Roland Barthes: La cámara lúcida.

Nota sobre la fotografía

 

 

M. Martínez Forega 

No sabemos de qué dedujo Dalí la nobleza artística de la fotografía. No lo explica; su pronunciamiento pudo quizá deberse a que la fotografía responde a la exigencia de fijar fielmente (de aquí tal vez la nobleza, la lealtad…) la realidad contextual. El aserto de Dalí daría pábulo al desarrollo de un tratado «objetivo» de la fotografía. Sin embargo, su cita constituye precisamente la síntesis de una visión diametralmente opuesta a lo que Roland Barthes nos propone en su Cámara lúcida.

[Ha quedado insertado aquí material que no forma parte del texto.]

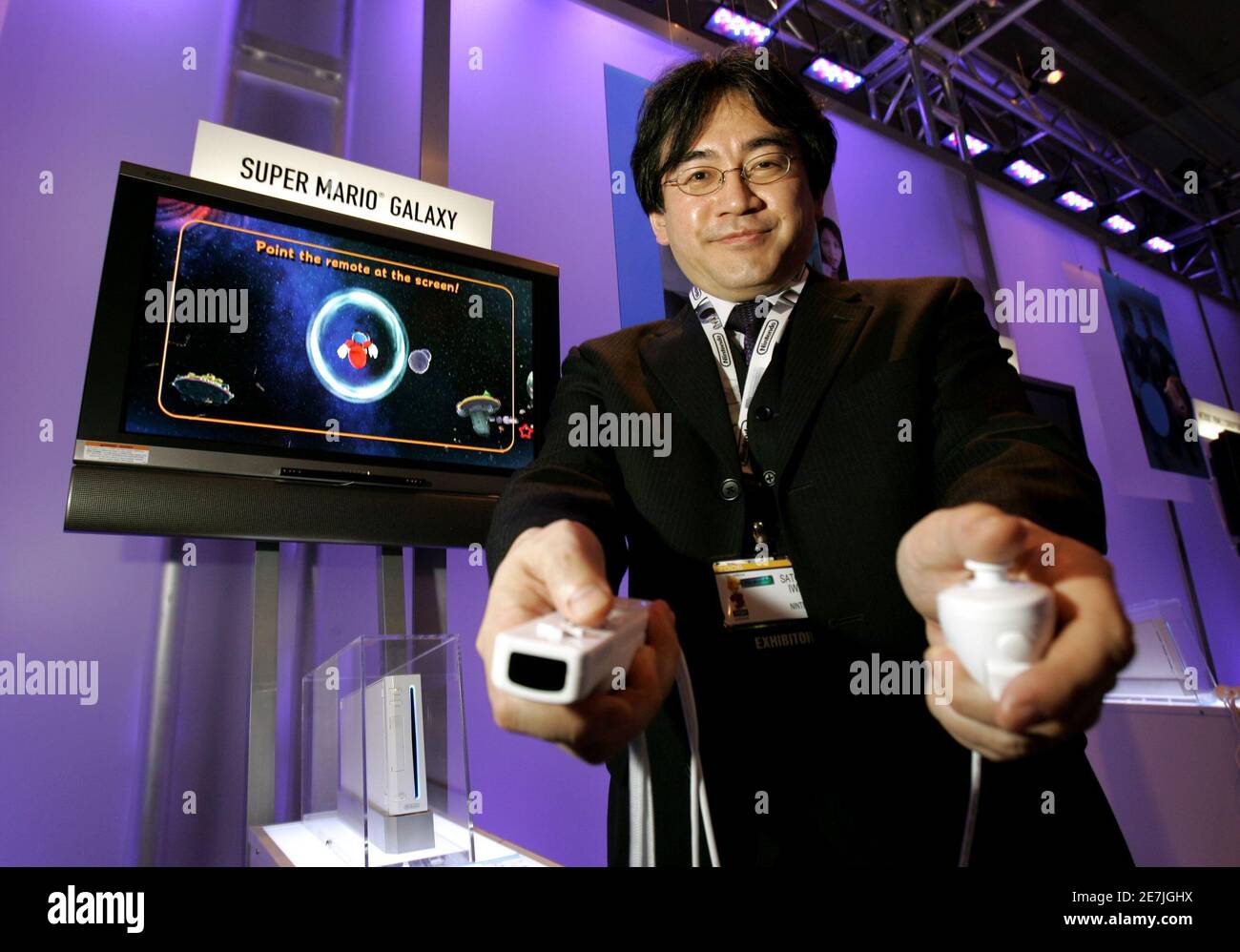 Nintendo President Satoru Iwata shows off the Nintendo "Wii" and its  wireless game controllers at the 2006 Electronic Entertainment Expo in Los  Angeles May 10, 2006. The "Wii" controller permits users to
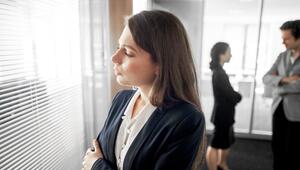 Frau steht abseits ihrer Kollegen in einem Büro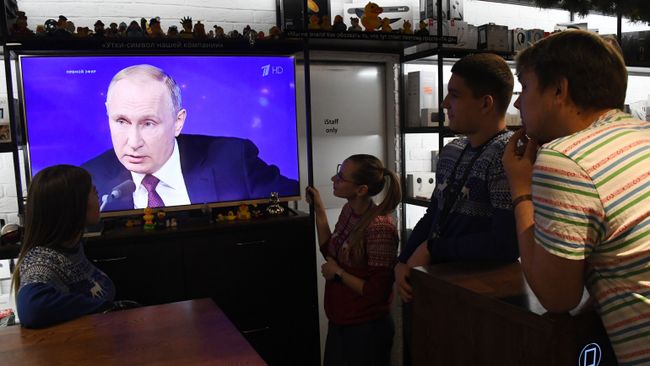 Люди смотрят прямую трансляцию ежегодной большой пресс-конференции президента РФ Владимира Путина в магазине во Владивостоке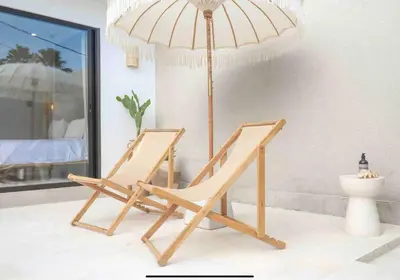 a chair with an umbrella in a room at Villa Isea-3 bedroom with pool in Seminyak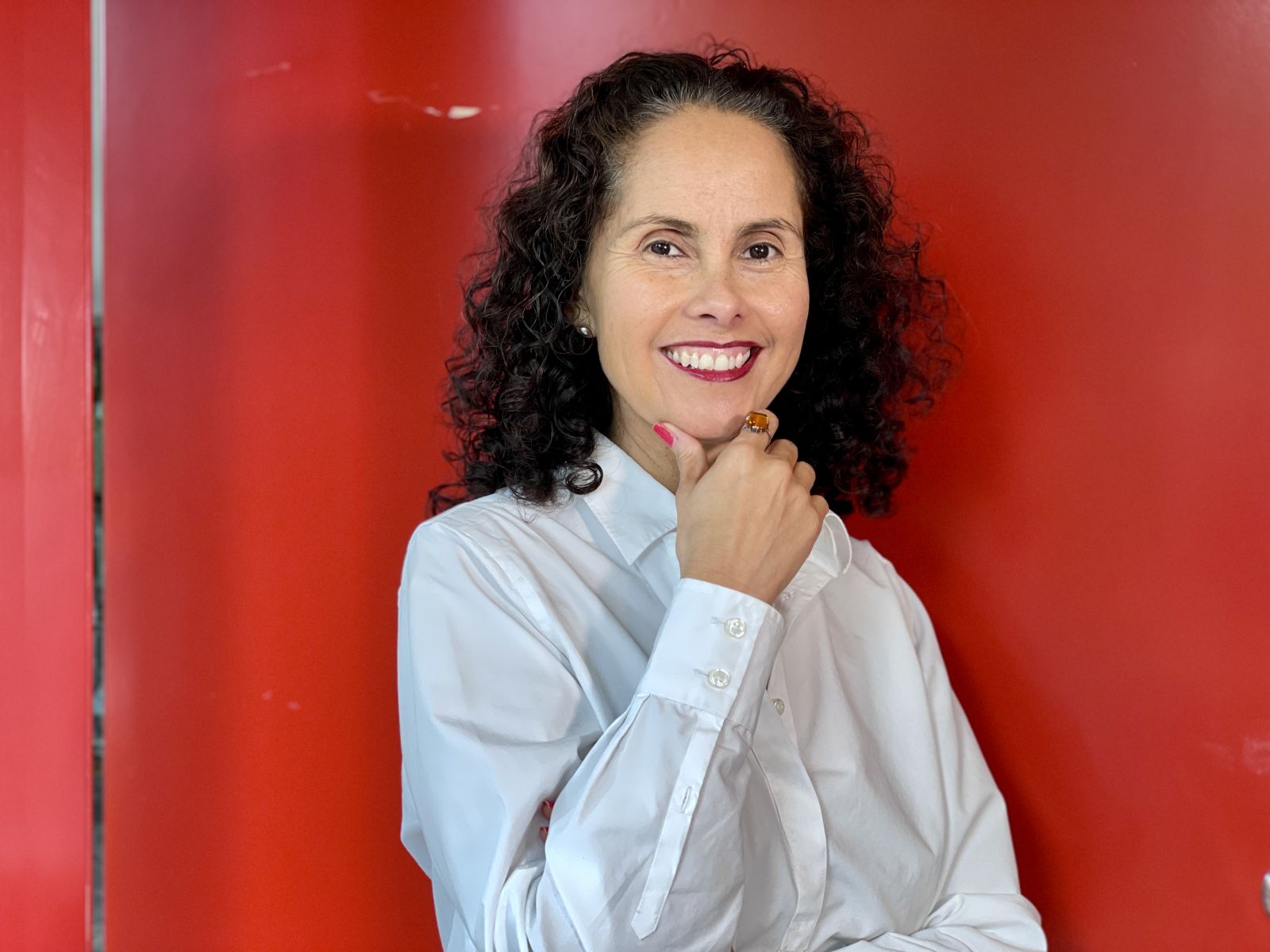 Woman with brown, curly hair in front of red door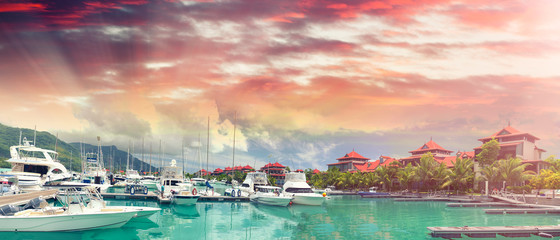 Beautiful Island port with boats and homes. Panoramic view at sunset. Eden Island
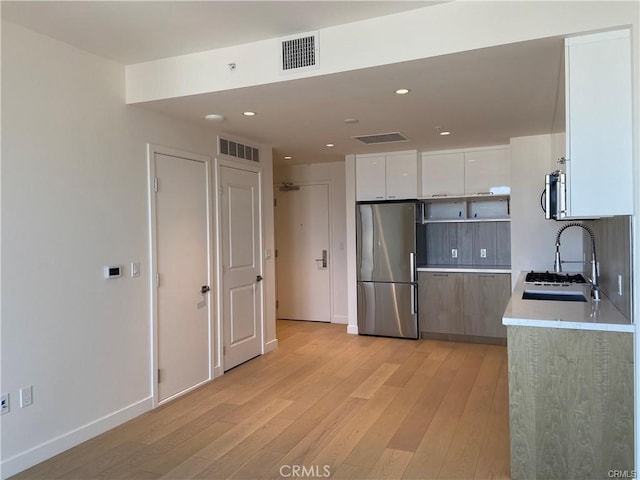 kitchen featuring tasteful backsplash, sink, white cabinets, light hardwood / wood-style flooring, and stainless steel appliances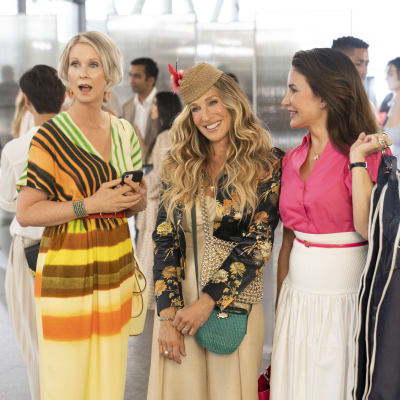 Miranda, Carrie och Charlotte i serien And just like that. De tre kvinnorna ler bland folk i en foajé. 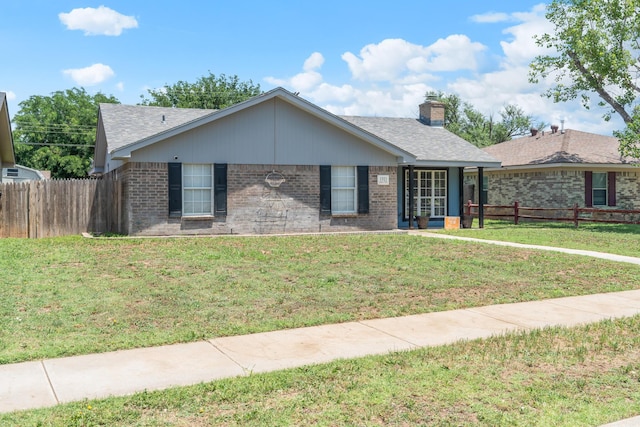 1321 Buena Vista St, Amarillo, TX 79106 - ranch-style house with brick siding, a shingled roof, and a chimney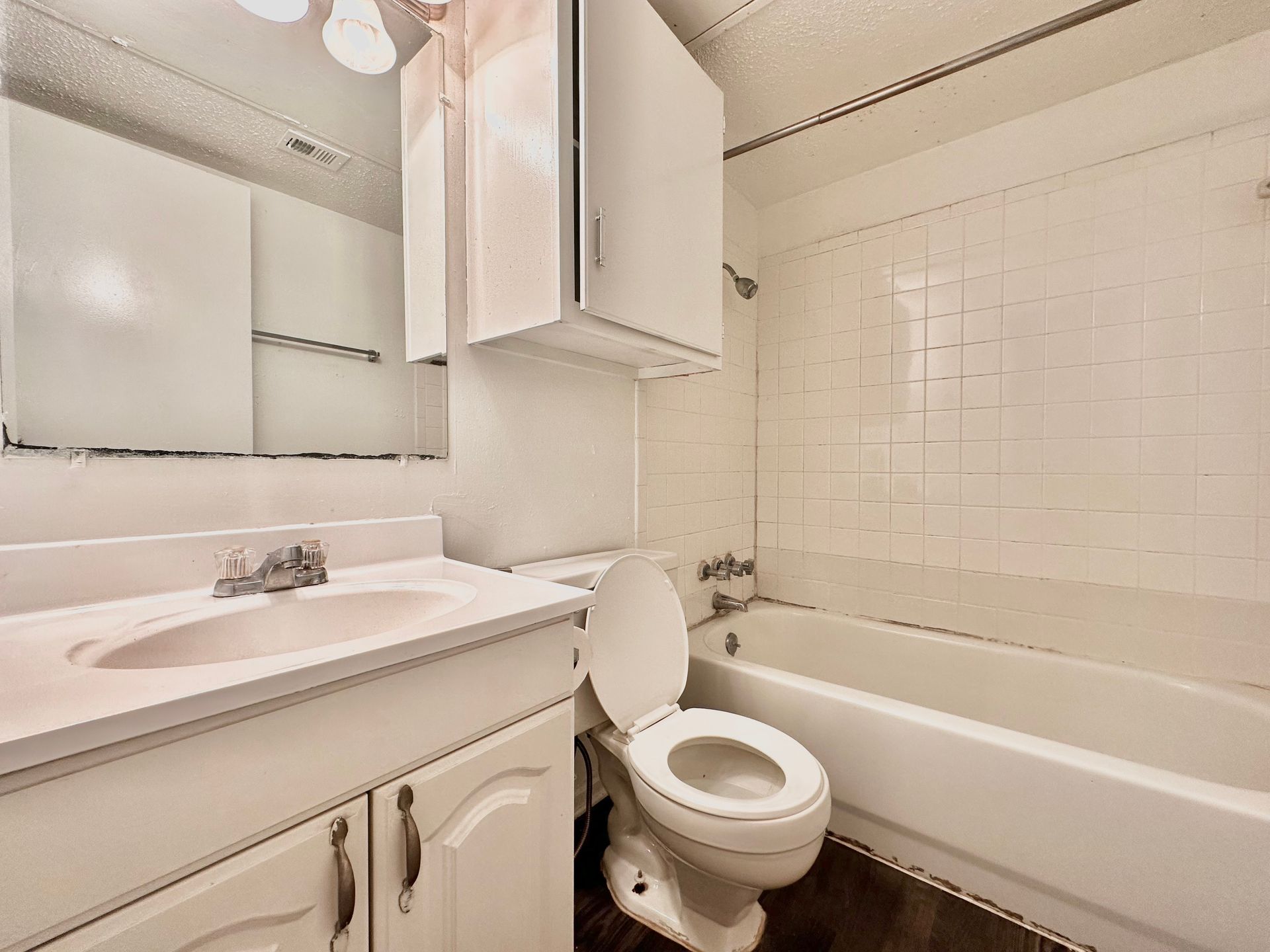A bathroom with a toilet , sink and bathtub.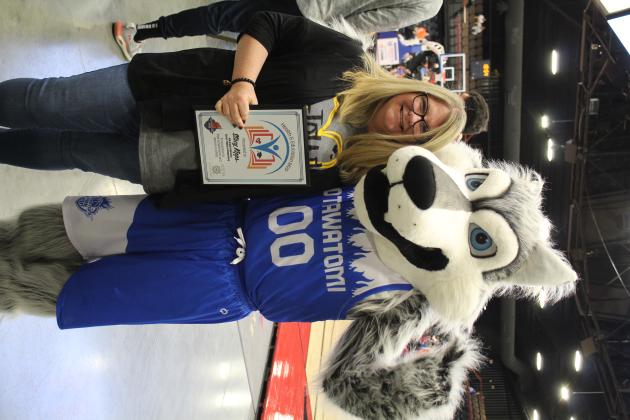 Teacher Stacy Kipps with Mo the Fire Wolf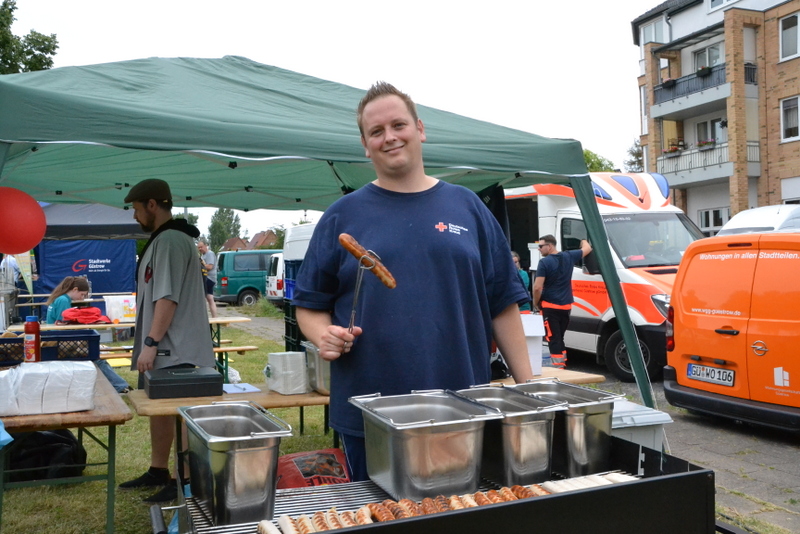 Bild zeigt Herrn Christopher Pusch am Grillstand mit einer Bratwurst in der Grillzange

            Desde el título mismo (cuya traducción española ha optado por una versión más retórica; no, desde luego, literal, que, en este caso, hubiera sido más acertada, pese a la mención en el texto de la camera lucida), Barthes nos propone una oposición: La chambre claire —título original francés— constituye un sintagma cuyo adjetivo —«clara»— se mira en el espejo de su negación tópica administrada por el lenguaje fotográfico especializado: «La cámara oscura». Y, desde el título mismo ya, Barthes manifiesta cuál es su propósito. La oposición, que no deja de ser retórica, incluso lúdica, encierra, sin embargo, un contenido conceptual subrayable al poner en evidencia, y determinar, cuáles serán los términos de su ensayo: fijar, para iluminar, la óptica de lo subjetivo frente a la toma del objetivo. Con esta postura Barthes —que desde las primeras páginas no oculta su intención: «…la fotografía se escapa. Las distribuiciones a las que se le suele someter son, efectivamente, bien empíricas […], bien retóricas […], bien estéticas […] y en cualquier caso exteriores al objeto, sin relación con su esencia…» (página 30)— ensayará convencernos de que la fotografía es preciso mirarla no como un elemento descriptivo de la realidad (aunque también); no como testimonio o crónica de unos hechos determinados (aunque también), sino como causa de efectos emocionales; es decir, como lo que él mismo denomina causa del «punctum» (punzada) frente a la clasificación técnica y a su función descriptiva o testimonial, a la que llama «studium». La analogía entre aquel punctum y las emociones como valor esencial del ser humano susceptible de conmoción ante la imagen preside una de las ideas centrales de La cámara lúcida, una actitud analítica (pero estética) en la que prevalece el sentido impresionista de la observación, del espectador («spectator» para Barthes) sobre el sentido descriptivo del fotógrafo («operator»). No quiere ello decir que sea ésta la función del operator; éste describe, sí, pero en función de su capacidad selectiva, y esta capacidad de selección reside en la subjetividad, en los valores sensitivos antes que en el ejercicio técnico.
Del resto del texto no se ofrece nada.